Michael Lang, "Income Allocation Issues Under Tax Treaties", Tax Notes International, April 21, 2014, p. 285.

No implications of specific safe harbours (p. 287)

Therefore, a special provision is no indication that something else applies outside its explicitly defined scope of application. Such a deviation from the OECD model can often be better understood against the background of the negotiations, during which doubts arose about the application of a provision to a specific situation that the negotiators had in mind. The negotiators would then want to eliminate these doubts. Therefore, such provisions often serve to solve a specific issue. This does not provide any clue about what applies when the regulation did not seem questionable during the negotiations or did not come under consideration….

Relevance of subsequent OECD Commentary (p. 289)

The differentiated reasoning adopted by the court, however, is not very conclusive: "A later OECD Commentary should only be of assistance if not in conflict with the Commentary in existence at the time of the Convention." [fn 15: Tax Court of Canada, May 13, 2011, 2007-2583 (IT)G, Her Majesty the Queen v. Peter Sommerer, 2011 TCC 212.p.47.] If the later version of the OECD commentary generally does not constitute a relevant interpretation material, it also cannot be relevant whether the later version is in conflict with the earlier version….

One cannot deny the allure of conciliatory solutions, but it is of little help in this particular case. The mere mention of the word "clarification" calls for skepticism….

Allocation conflict in Sommerer (pp. 289-90)

[S]ubsection 75(2)…is an allocation rule that can lead to the income being taxed in the hands of a person resident in Canada. If this were to result in the taxation in Canada of Sommerer (who is resident there), it would cause a conflict of allocation, since Austrian tax law allocates the income to the private foundation. Therefore, the legal questions actually relevant here are which legal consequences will be triggered under treaty law in such an allocation conflict.

D. Economic Double Taxation

This conflict of allocation was clearly identified by the Federal Court of Appeal. One must agree with the court that the consequence is economic double taxation — the same increases in value are subject to taxation in the hands of different persons in different states:…

…It is not understandable why the court still assumes that the application of the treaty generally leads to the avoidance of economic double taxation.

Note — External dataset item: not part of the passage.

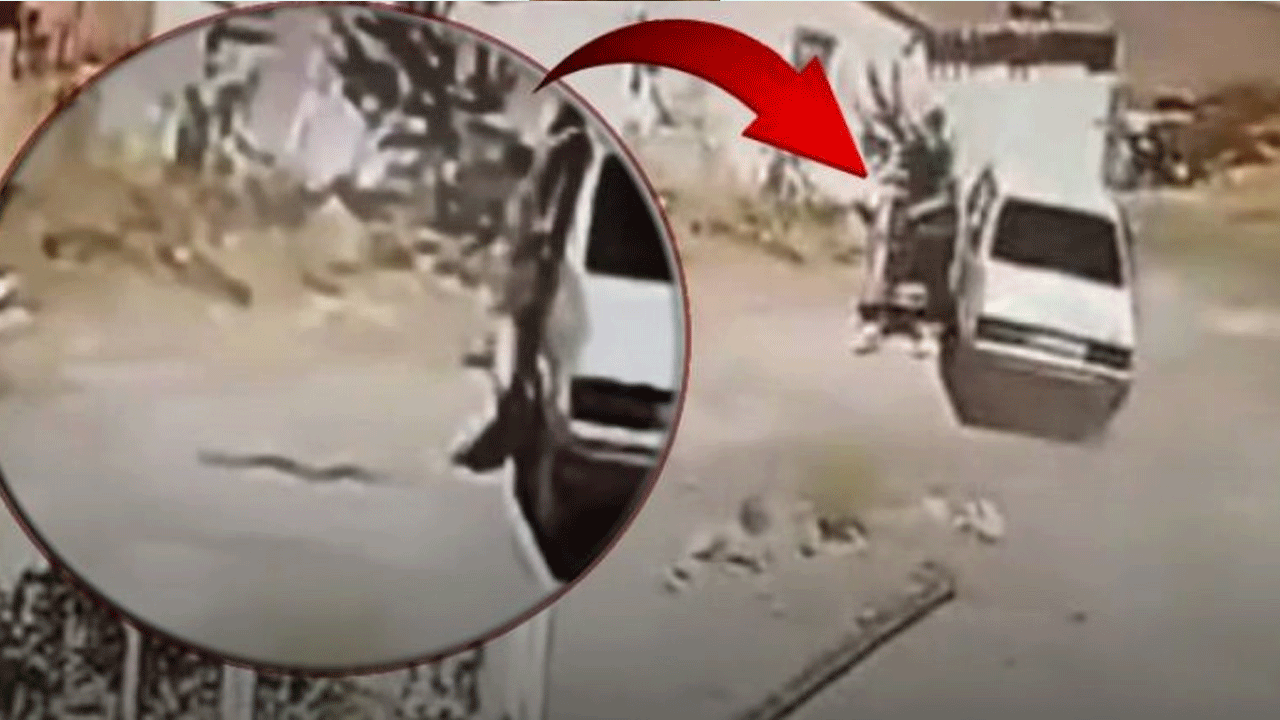 İçindekini görünce aklını kaçırdı: Seyir halindeki araçtan böyle atladı!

Allocation conflict in OECD Partnership Report (p. 290)

In the case of allocation conflicts, it seems obvious to take a look at the OECD partnership report. [fn 22: OECD, "The Application of the OECD Model Tax Conventions to Partnerships," Issues in International Taxation No. 6 (1999).]…

…Case study 16 is based on a situation that resembles one that the Canadian courts had to decide:

Example 16

P is a partnership established in State P. Partner B is a resident of State R while partner A is a resident of State P. State P treats the partnership as a taxable entity while State R treats it as a transparent entity. P derives royalty income from State R that is not attributable to a permanent establishment in State R. P has an office in State P and may therefore be considered to have a permanent establishment in State P. [fn 23: OECD, "The Application of the OECD Model Tax Conventions to Partnerships," Issues in International Taxation No. 6 (1999), at p. 45.]

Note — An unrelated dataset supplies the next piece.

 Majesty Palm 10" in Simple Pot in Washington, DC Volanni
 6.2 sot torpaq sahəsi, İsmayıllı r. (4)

The considerations made by the Canadian courts regarding treaty law are based on the assumption that Austria treats the private foundation as a taxpayer, while Canadian tax law treats it as transparent. If from this point of view one compares the private foundation with a partnership, Austria is in the position of State P and Canada in that of State R….

Majority opinion in partnership Report (p. 292)

[A]ccording to the majority's opinion regarding the solution of case study 16, the allocation of income in its source state is ultimately determinative — the royalties originate in State R and, under the tax laws of State R, must be allocated to the partners resident there. When applied to the case decided by the Canadian courts, this would mean that only the allocation of income according to Canadian law matters for the application of the treaty, since this involves gains from the alienation of Canadian companies. If one follows the opinion of the majority at the OECD, then Canada, as the residence state of Sommerer, can continue to exercise the right of taxation for the income allocated to him under Canadian tax laws.